En su vida terrena Jesús era verdadero Dios y verdadero hombre; pero su divinidad estaba oculta y aparecía sólo su humanidad. Hoy día en el misterio de su Cuerpo y su Sangre Jesús sigue siendo verdadero Dios y verdadero hombre; pero tanto su divinidad como su humanidad están ocultas. Del pan y el vino no quedan más que las apariencias. La realidad es Cristo vivo, Dios y hombre. Es un misterio de fe.
Se puede decir que en el misterio de la Eucaristía hay un doble efecto. Uno es el de la presencia de Cristo, que se realiza cuando el sacerdote pronuncia las palabras de la consagración: “Esto es mi Cuerpo... Este es el cáliz de mi Sangre”. En virtud del poder de Cristo concedido a los sacerdotes, estas palabras son eficaces y realizan lo que significan. En este momento solemne los fieles están de rodillas, para adorar a nuestro Dios que se ha hecho presente allí en el altar. Pero no se ha alcanzado su efecto último mientras el Cuerpo de Cristo no han sido comido y su Sangre no ha sido bebida. Este es el efecto deseado por Cristo. Por eso nos manda: “Tomad y comed todos de él... Tomad y bebed todos de él...”. Ese efecto último tiene una doble dimensión: por un lado, la comunicación de la vida de Cristo a quien lo recibe y la unión vital con él y, por otro lado, la unión entre sí, como miembros de en un solo Cuerpo, de todos los que reciben ese mismo alimento.

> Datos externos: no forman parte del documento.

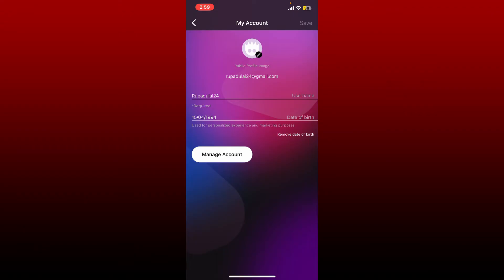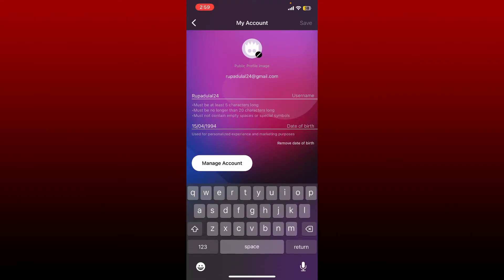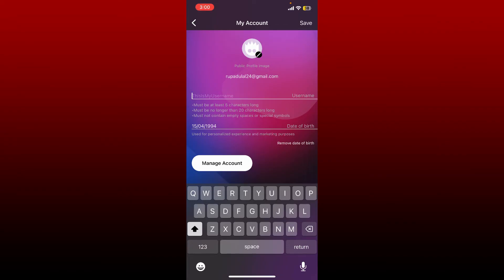Simply tap on your username option and enter the new username you'd like to create for yourself. Your username must be no longer than 20 characters long and it must not contain empty spaces or special symbols.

Esta es la fe de la Iglesia Católica. Se basa en la Palabra revelada de Cristo. Lo asombroso es que creyendo esto los católicos le demos tan escasa importancia y tan escaso lugar en nuestras vidas. Es asombroso que, siendo ésta nuestra fe, menos del 10% de los católicos participen de la Eucaristía dominical. Que la solemnidad del Cuerpo y la Sangre de Cristo y los actos que se realizarán para dar culto a este misterio admirable nos permitan reparar tanta frialdad.